How can I vectorize my code?#

Your application will typically be parallelized at instruction level, since this is mostly done automatically by the compiler that has been used to build your application if the right compiler options are specified.

For installed software, your friendly user support person will typically have taken care of that.
If you build your own software, some relevant information can be found below.

CPU instruction sets support vector operations, i.e., floating point operations such as additions and multiplications can be performed on multiple floating point numbers simultaneously. The various CPU architectures have added extensions to the original instruction sets.

CPU type	vector instruction set
Ivy Bridge/Sandy Bridge	AVX
Haswell/Broadwell	AVX2
Skylake/Cascade Lake	AVX-512

Software that is specifically compiled to run on, e.g., Ivy Bridge will run on a CPU of more recent generation such as a Skylake, but not with optimal performance. However, if software is built specifically to use, e.g., the AVX-512 instruction set, it will not run on older hardware such as Haswell CPUs.
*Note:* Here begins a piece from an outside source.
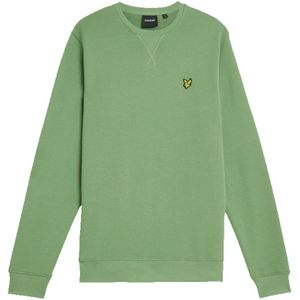 Lyle & Scott, Heren, Sweatshirts & Hoodies, Groen, Maat: S Katoen,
To build for a specific architecture both the Intel and GCC compiler family offer command line options. See the toolchain documentation for the Intel and the FOSS toolchains for an overview of the relevant compiler options.

How can I run my application with multiple threads?#

This is only possible when the application has been specifically designed to do so.

For installed software, check the manual. It will be documented whether the application/library is multi-threaded, and how to use it.
If you build your own software, there is some information below.

Note

Typically, a multi-threaded application runs on a single compute node. The threads communicate by exchanging information in memory, hence the term shared memory computing.

There are a few commonly used approaches to create a multi-threaded application:

OpenMP: This is by far the most popular approach for scientific software. Many compilers (e.g., Intel and GCC) suites support it. OpenMP defines directives that can be used in C, C++ and Fortran, as well as a runtime library. Instructions are available for compiling and running OpenMP application with the foss and Intel toolchains.
Threading Building Blocks (TBB): Originally developed by Intel, this open source library offers many primitives for shared memory and data driven programming in C++.
POSIX threads (pthreads): Although it is possible to use a low-level threading library such as pthreads, this is typically not they way to go for scientific programming.

Can I run my application on multiple compute nodes?#

This is only possible when the application has been specifically designed to do so, or when your use case matches some common pattern.

For installed software, check the manual. It will be documented whether the application/library can be run distributed, and how to do that.
If you run an application many times for different parameter settings, or on different data sets, check out the worker framework documentation or the atools documentation. for a comparison, see worker or atools?
If you build your own software, there is some information below.

For scientific software, the go-to library for distributed programming is an implementation of MPI (Message Passing Interface). This is a de-facto standard implemented by many libraries and the API can be used from C/C++ and Fortran.

On the clusters, at least two implementations are available, Intel MPI in the Intel toolchain, and Open MPI in the FOSS toolchain.